Resistance training mandates following proper exercise techniques, and realising that slow and steady is the only way to gain. It’s been said that we overestimate what we can achieve in a year, but underestimate what we can in a decade. This is particularly true for weightlifting. Growing from 30s to 50s, a feeling of improving youth and fitness that is imparted is a most satisfying reward. The ancillary benefits of sticking to lifting heavy weights regularly are many, not least of which is developing an iron will to persist in the face of adversity.
One is usually prepared for pain and injury when initiating an exercise program; it’s the desire for rapid progress and unrealistic goals that causes greater harm. After the initial honeymoon period of rapid increase in strength and fitness, one reaches a plateau within 3-6 months of regular exercise, depending upon one’s initial fitness levels. At this stage, a coach is most crucial in guiding a trainee regarding programming-a term signifying taking a couple of steps back before moving 3 steps ahead. Even so, progress is slow and hard to find. The obvious solution at this stage is shortcuts: the use of supplements and/or drugs to augment performance.

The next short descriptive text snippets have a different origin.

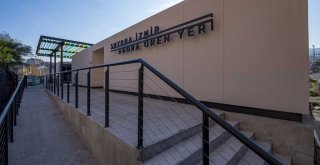 Antik Smyrna Agorası’na modern giriş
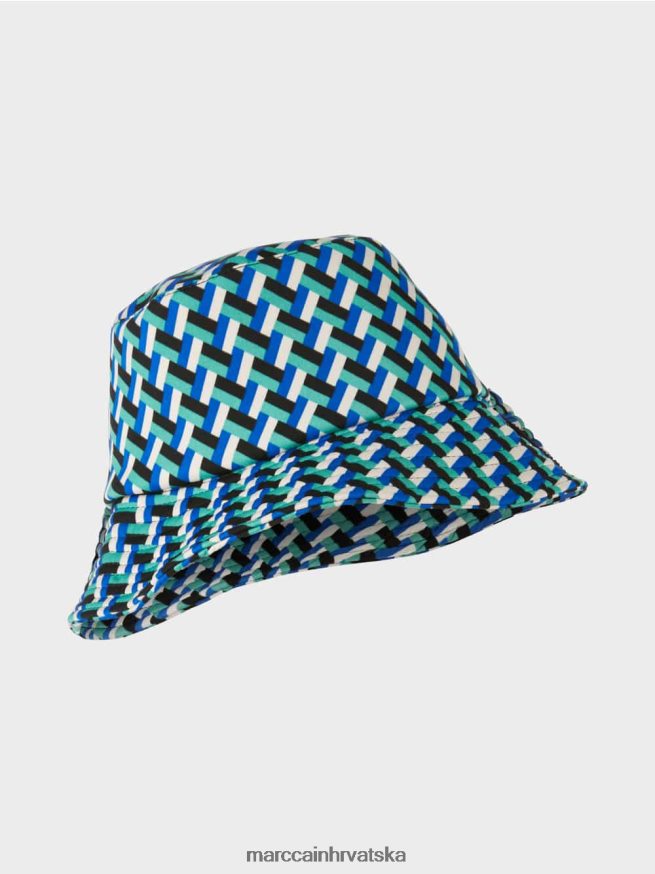 emajl Marc Cain šešir u ribarskom stilu oprema 4D66P41659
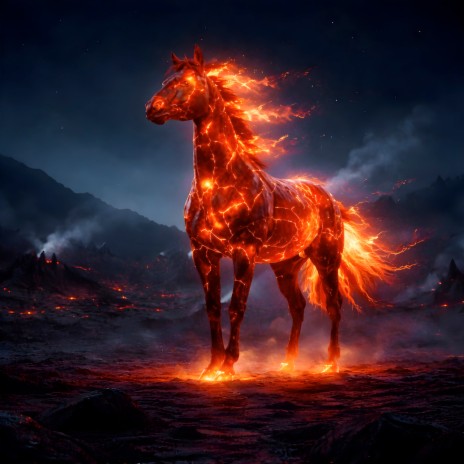 Ascensión del Caballo de Fuego cover art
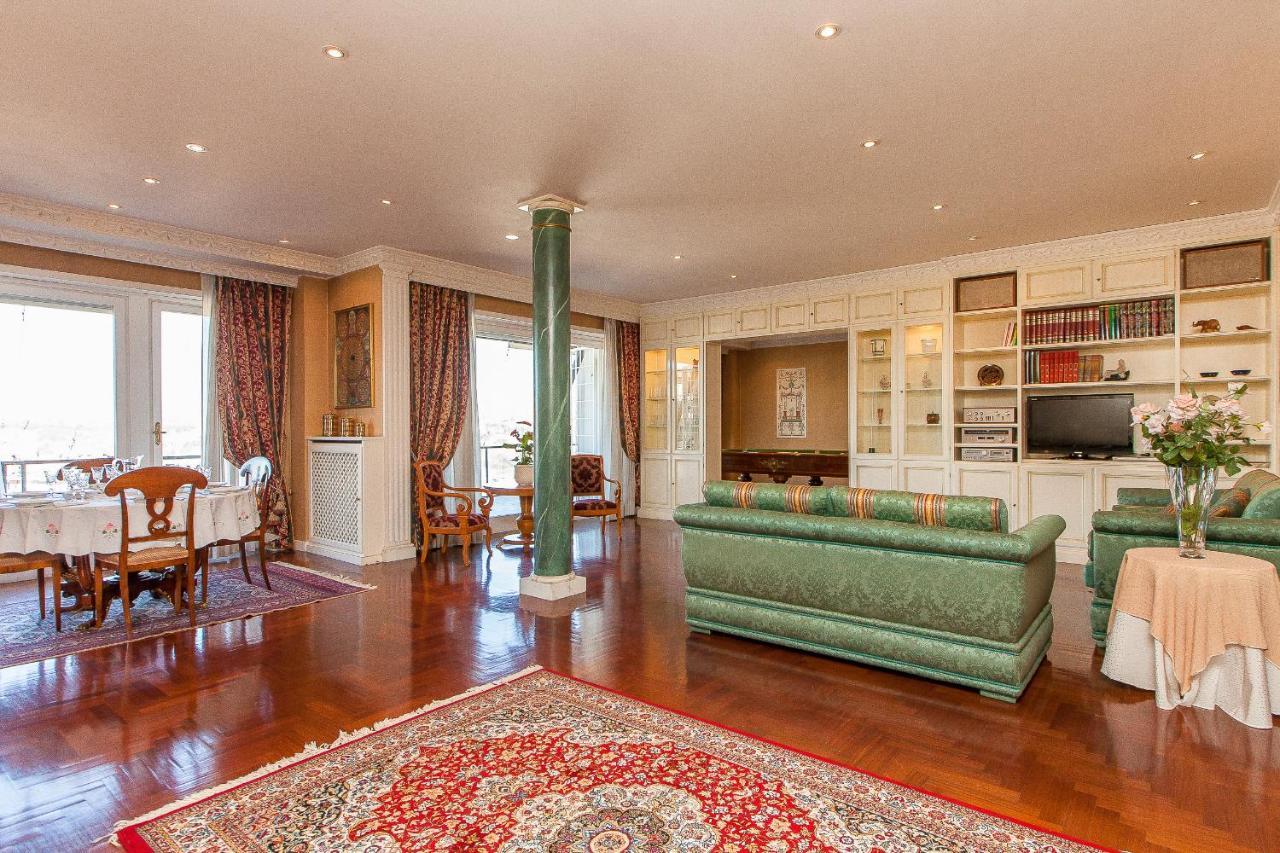 Appartamento Aurelia Montana Luxury By In Roma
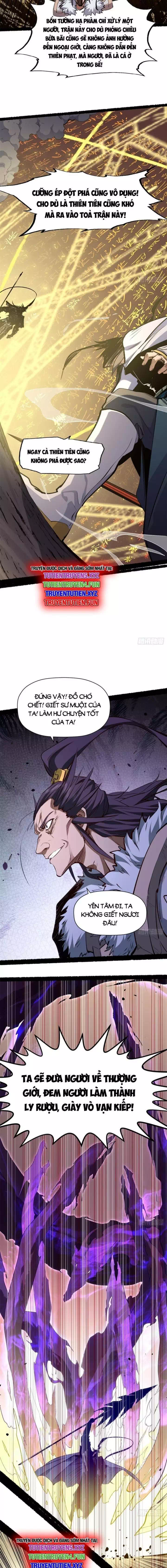 Truyện Tranh Đỉnh Cấp Khí Vận, Lặng Lẽ Tu Luyện Ngàn Năm trang 6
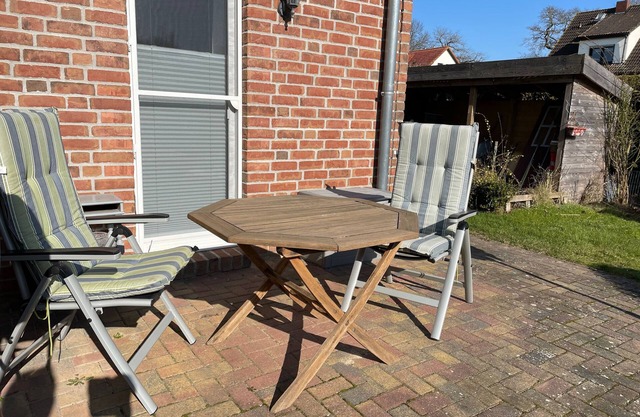 Klausdorfer Nixe - Kleine Ferienwohnung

These have been in use for decades now: Arnold Schwarzenegger was candid enough to admit that in his time, they used drugs to boost performance as they didn’t know better. However, others like legendary cyclist Lance Armstrong admitted to using them with full knowledge, managing to fool authorities for years, before finally coming clean a few years back. It’s important to understand supplements for what they are, along with their long-term consequences.
Whey protein is safe upto reasonable limits - 30-40 g per day can be easily digested and tolerated by a healthy young athlete aiming to fulfil her protein requirements. Other safe products include multi-vitamins and some minerals within recommended doses. Limited amount of creatine and glutamine powders may enhance strength and hasten recovery, respectively, and may be consumed under medical supervision. However, these are expensive and often come from unreliable sources.
Nothing beats a healthy diet, regular exercise and a solid will, as far as a normal adult aiming for fitness is concerned.
Steroids and other performance boosting drugs are a strict NO-NO; these harm the body in numerous ways and people might suffer lasting consequences for years even after giving them up. Youth in their pursuit of strength or a six-pack should not get carried away. They should persevere with their efforts and avoid taking short cuts - an endeavour that is fraught with permanent risks.
In summary, exercise is a life-changing endeavour, with multifarious benefits. It has to be a lifestyle change, rather than a compulsion and should not be muddied with drugs or supplements for rapid gains.
This is a recurring column published every Sunday under the title: A Guide to Exercise.